Su Internet circolano 4 scatti del corpo di Roberto, che sembrano confermare il decesso dovuto a un’esplosione. Sulla maglietta strappata si legge la scritta «Radonski presidente», dedicata al leader dell’opposizione Henrique Capriles Radonski. Sotto, il petto del ragazzo è divelto e bruciato, proprio nel punto in cui si appoggia la culatta dei mortai fatti in casa. «La ferita è stata provocata dalla polizia dopo la morte», urla un anti-chavista che si fa chiamare Fantasma. «Gli hanno sparato sul mortaio e gli è esploso in mano», risponde una ragazza.
L’unica cosa certa è che Roberto è diventata la 38esima vittima di una rivolta che dura da 44 giorni, che ha visto cadere persone su entrambi i fronti, e che il governo affronta coi bastoni in piazza e la carota di offerte di dialogo poco credibili, perché al contempo si continuano ad arrestare gli esponenti dell’opposizione. Rampollo di una delle famiglie più ricche di Maracaibo, Roberto ha abbracciato questa parte politica quando l’8 maggio del 2009 è stata espropriata la compagnia che aveva fondato suo padre, un emigrato pugliese.

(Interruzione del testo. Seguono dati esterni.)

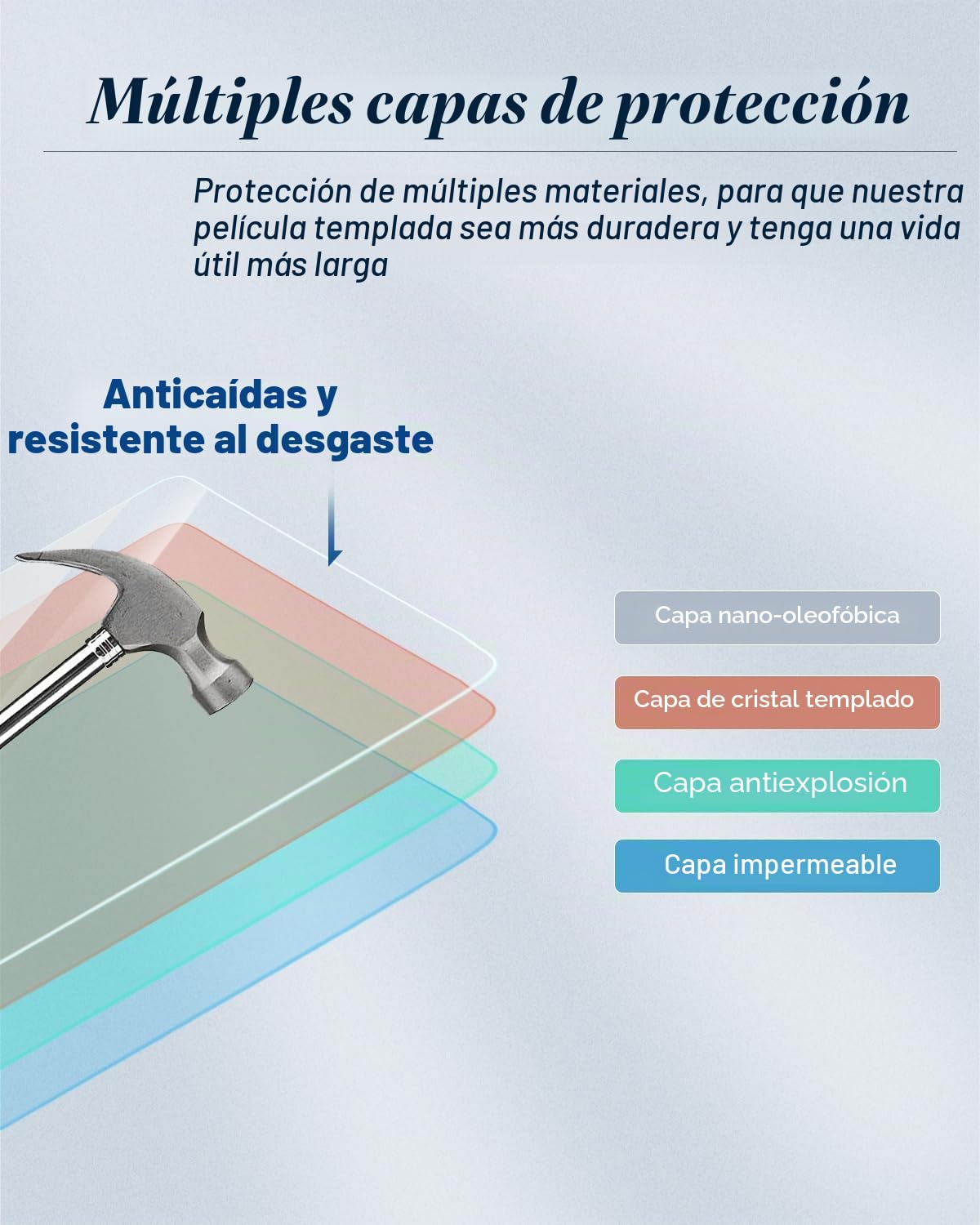 BIBO M-ercedes W206 / GLC X254 Navigation + protector de pantalla digital para M-ercedes Benz Clase C W206 / GLC X254 2022-2025 - Protector de pantalla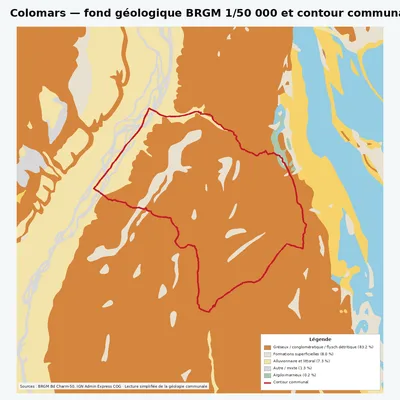 Carte géologique BRGM de Colomars avec contour communal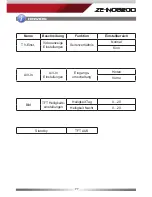 Preview for 77 page of ZENEC ZE-NC620D User Manual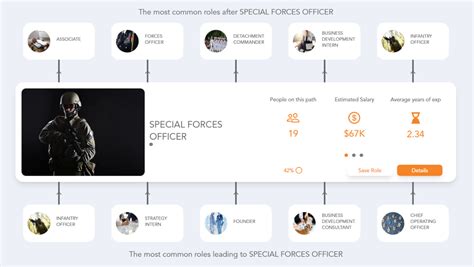 Special Forces Officer Career Paths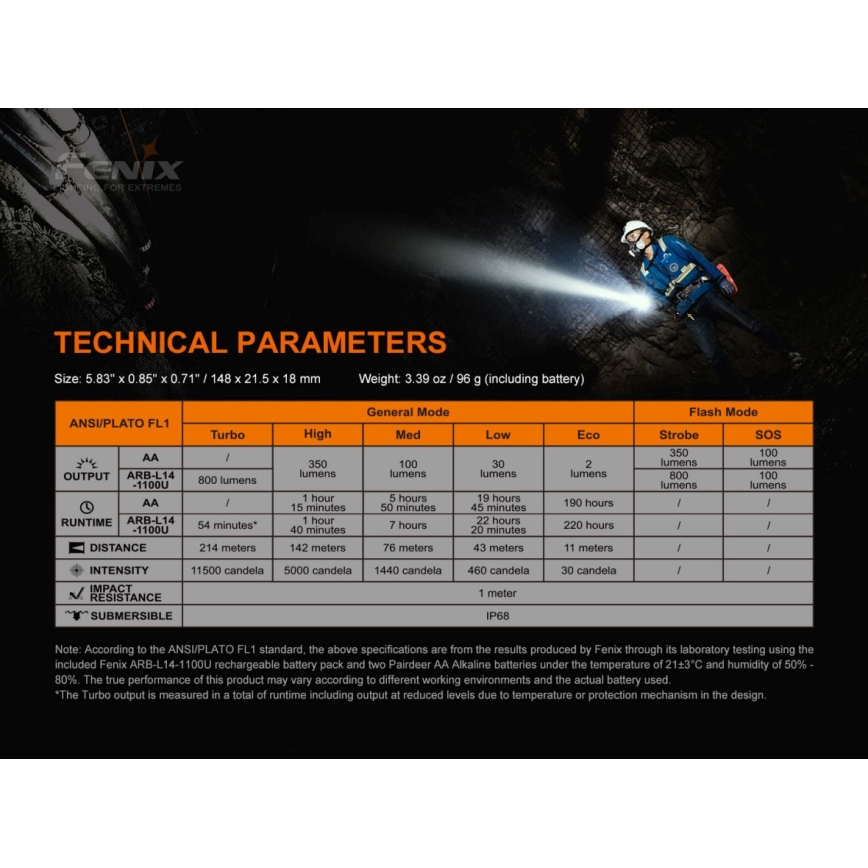 Fenix LD22V20 - LED uppladdningsbar ficklampa LED / USB IP66 800 lm 220 timmar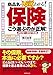 2020～2021年版　保険　こう選ぶのが正解！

«Ci hanno chiamato di notte e quando siamo arrivati in azienda abbiamo trovato una trentina di soldati», ricorda Cosimo. Insieme alla società d’armamento degli Annese, l’allora presidente Hugo Chavez nazionalizzò altre 73 compagnie, tutte legate all’estrazione di petrolio dal lago Maracaibo. «Date a Cesare quel che è di Cesare e al popolo ciò che è del popolo», disse lo scomparso comandante.
Ma i sindacati del petrolio di Zulia sostengono che con gli espropri si persero 10mila posti di lavoro e i salari caddero drasticamente. «Potrebbe essere tra un mese, un mese e mezzo, ma quando la gente avrà fame, scenderà in strada», disse all’epoca il delegato dei lavoratori, German Cortez. Ci sono voluti 5 anni e poi la sua profezia si è avverata. Anche se molti tra gli intellettuali e nei ceti poveri di questo Venezuela in crisi, continuano ancora oggi a credere nel sogno del socialismo del XXI Secolo.